0
votes

I have a purchase data (df_temp). I managed to replace using Pandas Dataframe to using a sparse csr_matrix because I have lots of products (89000) which I have to get their user-item information (purchased or not purchased) and then calculate the similarities between products.

First, I converted Pandas DataFrame to Numpy array:

 df_user_product = df_temp[['user_id','product_id']].copy()
 ar1 = np.array(df_user_product.to_records(index=False))

Second, created a coo_matrix because it's known for being fast in sparse matrix construction.

 rows, r_pos = np.unique(ar1['product_id'], return_inverse=True)
 cols, c_pos = np.unique(ar1['user_id'], return_inverse=True)
 s = sparse.coo_matrix((np.ones(r_pos.shape,int), (r_pos, c_pos)))

Third, for matrix calculations, it's better to use csr_matrix or csc_matrix, so I used csr_matrix as I have the product_id(s) in rows => more effective row slicing than csc_matrix.

    sparse_csr_mat = s.tocsr()
    sparse_csr_mat[sparse_csr_mat > 1] = 1

Then, I calculated the cosine similarity between products and put the result in similarities:

import sklearn.preprocessing as pp
col_normed_mat = pp.normalize(sparse_csr_mat, axis=1)
similarities = col_normed_mat * col_normed_mat.T

Which is:

<89447x89447 sparse matrix of type '<type 'numpy.float64'>'
    with 1332945 stored elements in Compressed Sparse Row format>

Now, I want to have at the end a dictionary where for each product, there is the 5 most similar products.

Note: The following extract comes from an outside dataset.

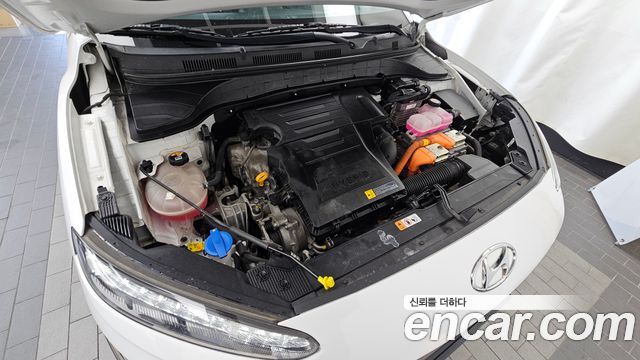 Hyundai Kona 2022 — photo 6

How to do it? I don't want to convert the sparse matrix to a dense array because of memory usage constraints. But I also didn't know if there is a way to access the csr_matrix like we do for array where we check for example index=product_id and get all the rows where the index=product_id, that way I will get all the similar products to product_id and sort by cosine similarity value to get the 5 most similar.

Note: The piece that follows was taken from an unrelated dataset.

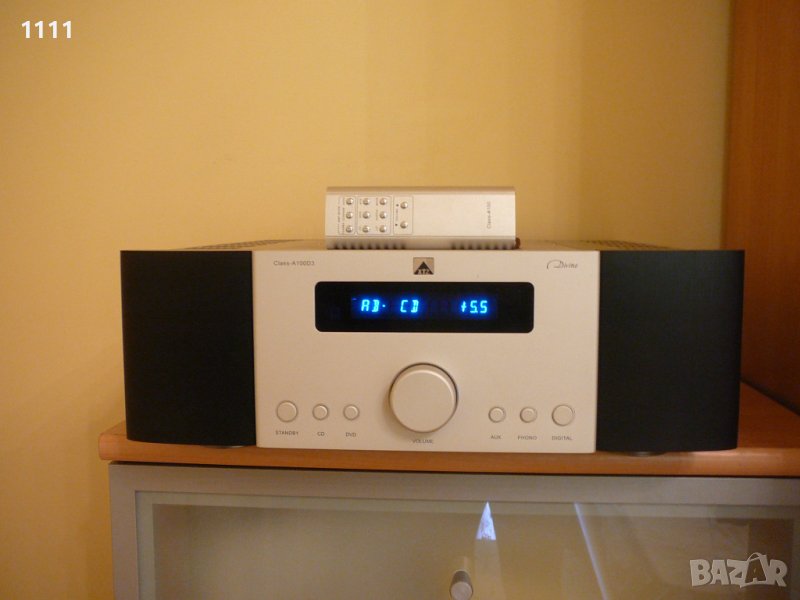 XTZ CLASS-A 100D3, снимка 1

For example, a row in similarities matrix:

(product_id1, product_id2) 0.45

how to filter on only the X (=5 in my case) most similar products to product_id1, without having to convert the matrix to an array?

Looking in Stackoverflow, I think lil_matrix can be used for this case? how?

Thanks for the help!

1
A minor point, sparse.csr_matrix(...) takes the same inputs as coo_matrix. coo format is, in effect, a raw data format, which for almost all calculations is converted to csr format. Often that conversion is automatic. But to do things like indexing, you do need the csr format.hpaulj
It might help if you demonstrated what you want to do with a small dense array.hpaulj
You could do a M = ...tolil() and look at the M.rows. That'll be an array of lists of the column indices. Or get the lil of the transpose, to get lists of row indices.hpaulj
There have been questions about getting the top N values per row of sparse matrices, e.g. stackoverflow.com/questions/49207275/…. Same thing applied to a csc can get the top values per column.hpaulj
@hpaulj I don't understand what you mean by automatic conversion of coo_matrix to csr_matrix when doing calculations. In the documentations it's mentioned that coo_matrix is not as effective in calculations and better use csr.SarahData

1 Answers

0
votes

I finally understood how I can get the 5 most similar items to each products and this is by using .tolil() matrix and then convert each row to a numpy array and use argsort to get the 5 most similar items. I used @hpaulj solution suggested in this link.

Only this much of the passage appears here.